▶ DESCRIPTION OF THE TASK
Leave the pictures out and restate every line below exactly.

▶ EXERCISE MATERIAL
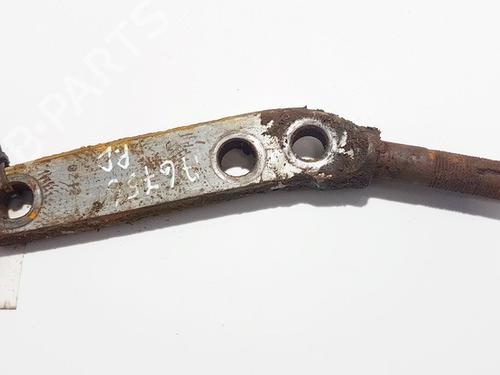 sttte-nissan-primera-hatchback-p12-2002-33090544 main image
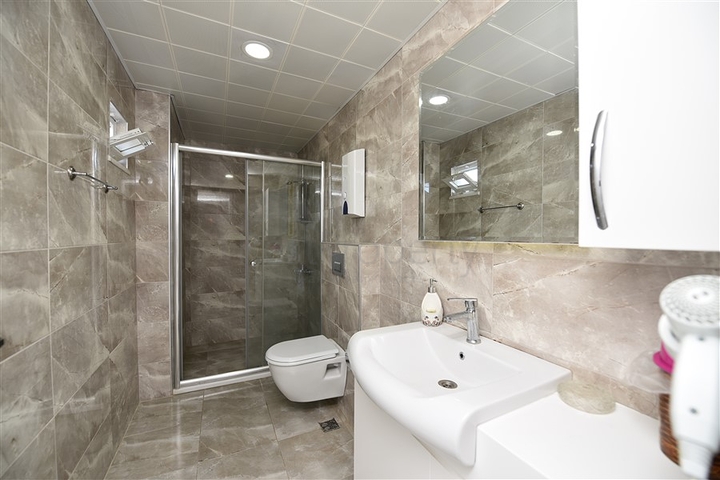 للمهتمين بالاستثمار -  شقق استديو - في مدينة الانيا 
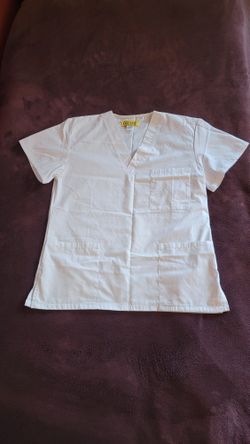 Red & White Scrubs (Set Of 2)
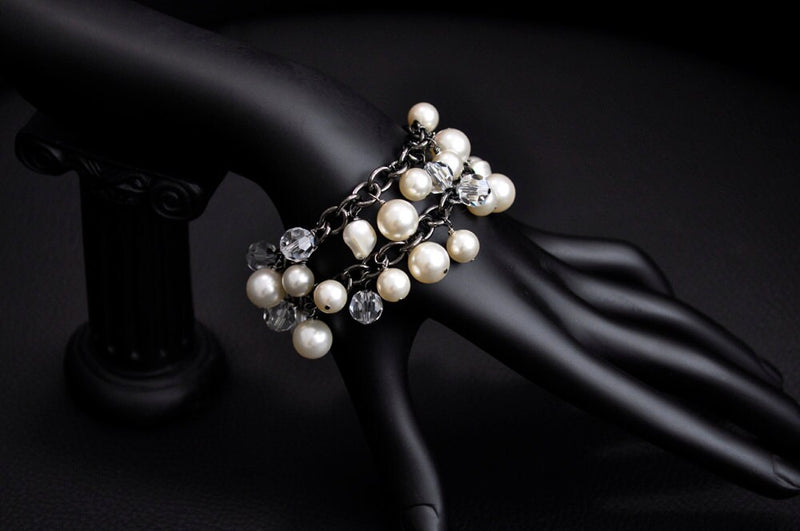 Bridesmaid ivory crystal pearl dangle drop bracelet | Bridal party gift | friendship bracelet | Bridal bracelet - aNella Designs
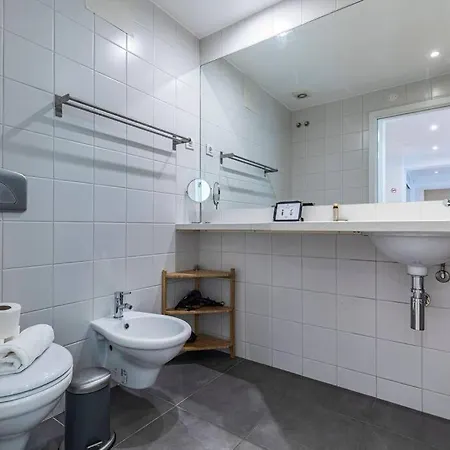 Downtown 2-bedroom W/terrace Appartamento Lisbona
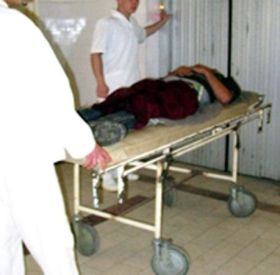 Scandal la spitalul din Roman. Pacient lasat sa moara pe targa, fara vreun prim-ajutor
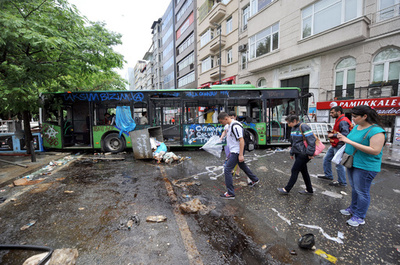 トルコ反政府デモ、全土に拡大 1700人以上を一時拘束　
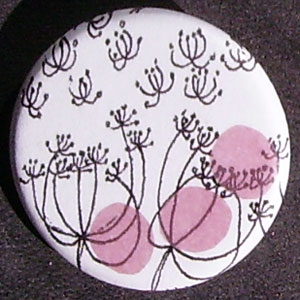 Badge Fleurs - Pastilles Rose Pâle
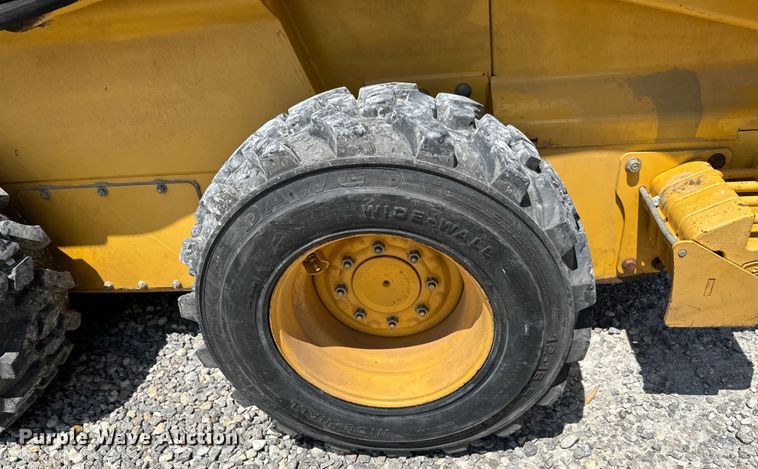 image for item NL9860 2005 John Deere 325 skid steer loader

▶ OUTPUT
 sttte-nissan-primera-hatchback-p12-2002-33090544 main image
 للمهتمين بالاستثمار -  شقق استديو - في مدينة الانيا 
 Red & White Scrubs (Set Of 2)
 Bridesmaid ivory crystal pearl dangle drop bracelet | Bridal party gift | friendship bracelet | Bridal bracelet - aNella Designs
 Downtown 2-bedroom W/terrace Appartamento Lisbona
 Scandal la spitalul din Roman. Pacient lasat sa moara pe targa, fara vreun prim-ajutor
 トルコ反政府デモ、全土に拡大 1700人以上を一時拘束　
 Badge Fleurs - Pastilles Rose Pâle
 image for item NL9860 2005 John Deere 325 skid steer loader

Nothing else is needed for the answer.